In short, not only is the macro picture totally a wreck thanks to the effects described in my previous post, but at a micro level everything is conspiring against us optimizing and automating our way out of the problem. Nearly every single firm in existence is held together by these "glue stick" people (see illustration) that are all either nearing retirement or the limits of their patience.
This reminds me of the picture painted by Gunter Riemann in "The Vampire Economy". The NAZI economy could not function to the extent that it (barely) did without running everything at 125% capacity and foregoing all maintenance. A system operating along such lines could only operate thanks to being propped up with expropriation and murder. I have my doubts that the glad-handing sissies running our system have the stones to do what it takes to keep things going. About the only thing they will stoop to is prison slave labor and indenture of immigrants, the latter being the primary source of enthusiastic, albeit less than competent, workers left in corporate.
After getting freaked out by inflation caused by the rounds of helicopter money sent out after the economy was smothered for a head cold, the fed and their equivalents in the west have committed to raise rates until the problem is solved. It won't work, because they are solving the wrong problem.
Western governments (with a few notable exceptions) have more or less systematically adopted a policy of hostility to increasing production of goods and services. They have also systematically suppressed transitions to more dense and reliable energy sources at every turn. These policies are all done for noble sounding reasons having no consideration whatsoever for the structure of production and especially it's impact on the price level.
Ceteris paribus, a drop in output will always lead to a rise in prices. The western keynsian system (fascist economics) has relied on ever-increasing production reducing the cost of goods and services faster than money supply growth. Policy decisions to smother nearly all production and energy projects in red tape over the last fifty years have allowed some industries to tread water, but in general a slow de-industrialization has occurred. The only places the price level continued to reduce in my lifetime has been the high tech sector which is just now beginning to get BTK'd in red tape.

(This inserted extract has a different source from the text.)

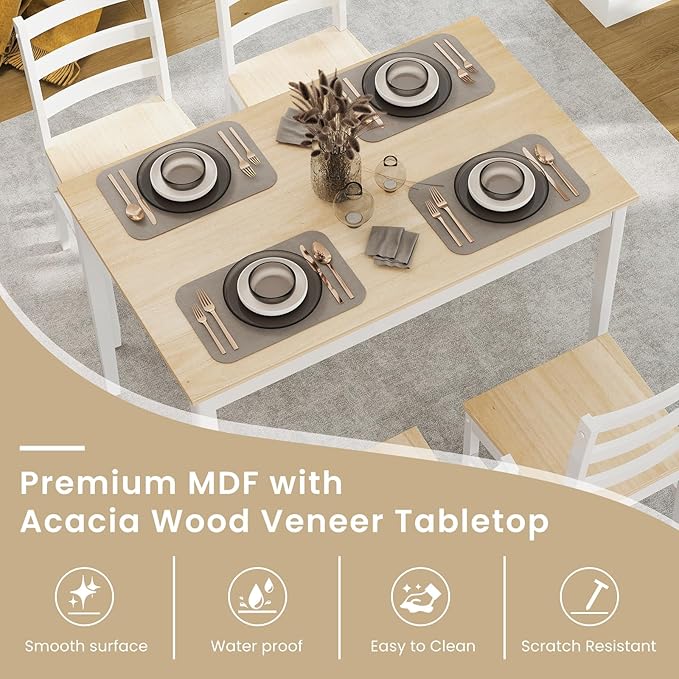 POWERSTONE Dining Table Set for 4, Kitchen Table Chairs Set of 4 with Rubber Wood Legs, Farmhouse 5 Piece Dining Table Set Solid Wood for Kitchen Dining Room Dinner (Natural)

Still, this allowed us to just barely keep living standards around 1970s levels supposing you allowed some "hedonic adjustment". Which is to say lowering the standards of living to no longer include having a household until mid 30s or even 40s for most Americans. It was not until our wise overlords decided to douse the economy with asbestos over a cold that hostility to production and energy accelerated to the point you might be forgiven for thinking they've gone rabid on us peasants.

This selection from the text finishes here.